[PATCH v5 3/9] mm/mremap: Use pmd/pud_poplulate to update page table entries

Peter Xu peterx at redhat.com
Fri May 21 06:01:08 AEST 2021

On Thu, May 20, 2021 at 03:06:30PM -0400, Zi Yan wrote:
> On 20 May 2021, at 10:57, Peter Xu wrote:
> > On Thu, May 20, 2021 at 07:07:57PM +0530, Aneesh Kumar K.V wrote:
> >> "Aneesh Kumar K.V" <aneesh.kumar at linux.ibm.com> writes:
> >>
> >>> On 5/20/21 6:16 PM, Peter Xu wrote:
> >>>> On Thu, May 20, 2021 at 01:56:54PM +0530, Aneesh Kumar K.V wrote:
> >>>>>> This seems to work at least for my userfaultfd test on shmem, however I don't
> >>>>>> fully understand the commit message [1] on: How do we guarantee we're not
> >>>>>> moving a thp pte?
> >>>>>>
> >>>>>
> >>>>> move_page_tables() checks for pmd_trans_huge() and ends up calling
> >>>>> move_huge_pmd if it is a THP entry.
> >>>>
> >>>> Sorry to be unclear: what if a huge pud thp?
> >>>>
> >>>
> >>> I am still checking. Looking at the code before commit
> >>> c49dd340180260c6239e453263a9a244da9a7c85, I don't see kernel handling
> >>> huge pud thp. I haven't studied huge pud thp enough to understand
> >>> whether c49dd340180260c6239e453263a9a244da9a7c85 intent to add that
> >>> support.
> >>>
> >>> We can do a move_huge_pud() like we do for huge pmd thp. But I am not
> >>> sure whether we handle those VMA's earlier and restrict mremap on them?
> >>
> >> something like this? (not even compile tested). I am still not sure
> >> whether this is really needed or we handle DAX VMA's in some other form.
> >
> > Yeah maybe (you may want to at least drop that extra "case HPAGE_PUD").
> >
> > It's just that if with CONFIG_HAVE_MOVE_PUD (x86 and arm64 enables it by
> > default so far) it does seem to work even with huge pud, while after this patch
> > it seems to be not working anymore, even with your follow up fix.
> >
> > Indeed I saw CONFIG_HAVE_MOVE_PUD is introduced a few months ago so breaking
> > someone seems to be unlikely, perhaps no real user yet to mremap() a huge pud
> > for dax or whatever backend?
> >
> > Ideally maybe rework this patch (or series?) and repost it for a better review?
> > Agree the risk seems low.  I'll leave that to you and Andrew to decide..
> It seems that the mremap function for 1GB DAX THP was not added when 1GB DAX THP
> was implemented[1].

Yes, but trickily as I mentioned it seems Android's CONFIG_HAVE_MOVE_PUD has
done this right (with no intention I guess) with the set_pud_at() before this
patch is merged, so we might have a short period that this might start to work..

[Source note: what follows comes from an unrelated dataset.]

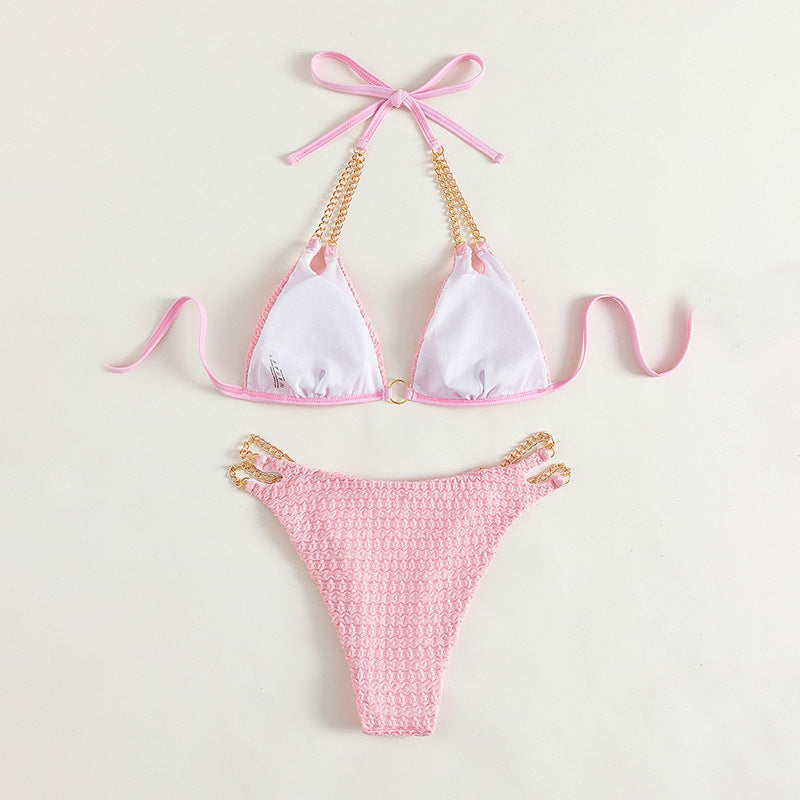 Damen Triangel-Bikini mit charakteristischem Ketten-Design Drune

> I guess no one is using mremap on 1GB DAX THP. Maybe we want
> to at least add a warning or VM_BUG_ON to catch this or use Aneesh’s move_huge_pud()
> to handle the situation properly?

Agreed, if we decide to go with the patches, some warning (or even VM_BUG_ON,
which iiuc should be very not-suggested in most cases) looks better than
pgtable corruption reports.

Peter Xu